Still, the charge of privacy-invading has stuck. So Microsoft is taking away the portion of Wi-Fi Sense that does the password-sharing -- in fact, it's killed in this preview. According to a blog entry, few people used the feature and it wasn't worth the cost of maintaining it.
What Microsoft didn't say is that the password-sharing had proved to be a PR headache -- a headache that will go away once the Windows 10 Anniversary Update hits.
Still, a portion of Wi-Fi Sense remains. In its blog, Microsoft noted that "Wi-Fi Sense, if enabled, will continue to get you connected to open Wi-Fi hotspots that it knows about through crowdsourcing." So if you're near a publicly open Wi-Fi hotspot, you'll be automatically logged in.
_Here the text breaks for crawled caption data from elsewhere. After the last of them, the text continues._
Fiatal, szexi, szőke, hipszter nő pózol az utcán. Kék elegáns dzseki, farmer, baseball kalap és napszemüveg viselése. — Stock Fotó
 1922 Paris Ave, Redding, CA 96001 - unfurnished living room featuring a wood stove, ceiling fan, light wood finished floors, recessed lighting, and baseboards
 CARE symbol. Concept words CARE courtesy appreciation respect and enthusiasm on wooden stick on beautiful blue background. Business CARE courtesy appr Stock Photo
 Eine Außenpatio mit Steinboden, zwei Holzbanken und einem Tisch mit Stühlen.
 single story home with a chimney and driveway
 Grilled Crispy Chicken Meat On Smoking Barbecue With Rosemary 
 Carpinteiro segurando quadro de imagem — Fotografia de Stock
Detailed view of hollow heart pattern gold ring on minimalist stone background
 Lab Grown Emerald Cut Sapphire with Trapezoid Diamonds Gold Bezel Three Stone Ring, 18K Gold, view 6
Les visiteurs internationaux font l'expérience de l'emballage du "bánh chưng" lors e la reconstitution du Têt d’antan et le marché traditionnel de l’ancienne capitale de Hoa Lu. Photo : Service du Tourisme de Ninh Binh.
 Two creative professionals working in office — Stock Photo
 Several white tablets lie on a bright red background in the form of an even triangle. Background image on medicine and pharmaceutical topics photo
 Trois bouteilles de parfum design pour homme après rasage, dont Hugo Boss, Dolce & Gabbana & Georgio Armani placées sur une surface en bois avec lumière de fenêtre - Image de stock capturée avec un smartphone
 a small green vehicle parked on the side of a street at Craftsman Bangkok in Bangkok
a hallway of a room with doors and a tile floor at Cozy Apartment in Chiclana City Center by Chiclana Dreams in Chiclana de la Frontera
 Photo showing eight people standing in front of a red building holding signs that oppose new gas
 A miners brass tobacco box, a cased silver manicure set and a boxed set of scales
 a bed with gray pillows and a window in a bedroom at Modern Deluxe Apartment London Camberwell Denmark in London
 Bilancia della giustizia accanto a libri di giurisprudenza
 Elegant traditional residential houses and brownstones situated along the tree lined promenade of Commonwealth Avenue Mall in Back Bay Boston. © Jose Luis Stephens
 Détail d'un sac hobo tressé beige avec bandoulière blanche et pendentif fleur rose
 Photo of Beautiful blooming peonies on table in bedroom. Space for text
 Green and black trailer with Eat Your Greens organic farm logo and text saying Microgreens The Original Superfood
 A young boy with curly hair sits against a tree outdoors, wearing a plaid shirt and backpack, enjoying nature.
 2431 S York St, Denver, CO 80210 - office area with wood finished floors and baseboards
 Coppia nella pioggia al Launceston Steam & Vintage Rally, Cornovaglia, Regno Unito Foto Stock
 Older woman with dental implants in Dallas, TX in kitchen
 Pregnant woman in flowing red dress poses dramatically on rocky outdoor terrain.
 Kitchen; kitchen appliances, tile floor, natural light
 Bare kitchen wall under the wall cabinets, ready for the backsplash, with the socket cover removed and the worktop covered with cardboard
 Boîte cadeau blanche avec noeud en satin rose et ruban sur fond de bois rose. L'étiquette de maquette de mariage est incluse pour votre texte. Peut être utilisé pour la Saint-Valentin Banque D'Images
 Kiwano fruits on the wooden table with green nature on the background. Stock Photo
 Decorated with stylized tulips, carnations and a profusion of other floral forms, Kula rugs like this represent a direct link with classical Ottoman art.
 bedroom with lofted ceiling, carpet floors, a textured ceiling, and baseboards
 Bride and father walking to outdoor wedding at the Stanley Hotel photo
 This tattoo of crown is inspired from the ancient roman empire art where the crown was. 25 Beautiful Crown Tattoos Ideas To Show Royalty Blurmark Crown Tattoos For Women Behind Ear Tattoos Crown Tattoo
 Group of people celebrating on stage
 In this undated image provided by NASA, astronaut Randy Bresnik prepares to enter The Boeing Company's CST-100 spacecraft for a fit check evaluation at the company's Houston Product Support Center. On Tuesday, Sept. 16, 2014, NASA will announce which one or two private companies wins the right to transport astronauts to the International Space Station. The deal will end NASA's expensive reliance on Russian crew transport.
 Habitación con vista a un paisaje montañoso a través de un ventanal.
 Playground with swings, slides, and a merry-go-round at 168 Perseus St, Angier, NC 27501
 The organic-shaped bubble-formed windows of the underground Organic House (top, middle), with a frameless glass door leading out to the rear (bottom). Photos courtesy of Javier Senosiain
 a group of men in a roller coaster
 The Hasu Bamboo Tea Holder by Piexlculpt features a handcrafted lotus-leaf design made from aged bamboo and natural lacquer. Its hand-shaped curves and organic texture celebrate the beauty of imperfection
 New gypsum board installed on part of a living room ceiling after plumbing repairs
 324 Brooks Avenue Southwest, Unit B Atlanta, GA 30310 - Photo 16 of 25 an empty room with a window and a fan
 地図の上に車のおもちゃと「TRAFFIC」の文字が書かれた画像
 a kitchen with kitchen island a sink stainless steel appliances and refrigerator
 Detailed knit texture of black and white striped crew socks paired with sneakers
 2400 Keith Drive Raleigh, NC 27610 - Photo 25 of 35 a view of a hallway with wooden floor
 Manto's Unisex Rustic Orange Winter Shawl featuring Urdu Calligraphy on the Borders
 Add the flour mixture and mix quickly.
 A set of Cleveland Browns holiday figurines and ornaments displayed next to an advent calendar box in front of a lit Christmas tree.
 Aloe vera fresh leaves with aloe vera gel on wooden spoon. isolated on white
(While the Wi-Fi feature is enabled by default, you can turn it off by going to Settings > Network & Internet > Wi-Fi, then scrolling to the Wi-Fi Sense section. Underneath "Connect to suggested open hotspots," turn the setting to Off.)
This preview wasn't a particularly significant one, but it's nice to see Edge extensions get a reasonable installation routine. And Microsoft got rid of a PR problem by ditching the most controversial aspects of Wi-Fi Sense.
Microsoft will be updating the Windows 10 Anniversary Edition regularly until launch, and we'll keep you informed about the preview releases along the way.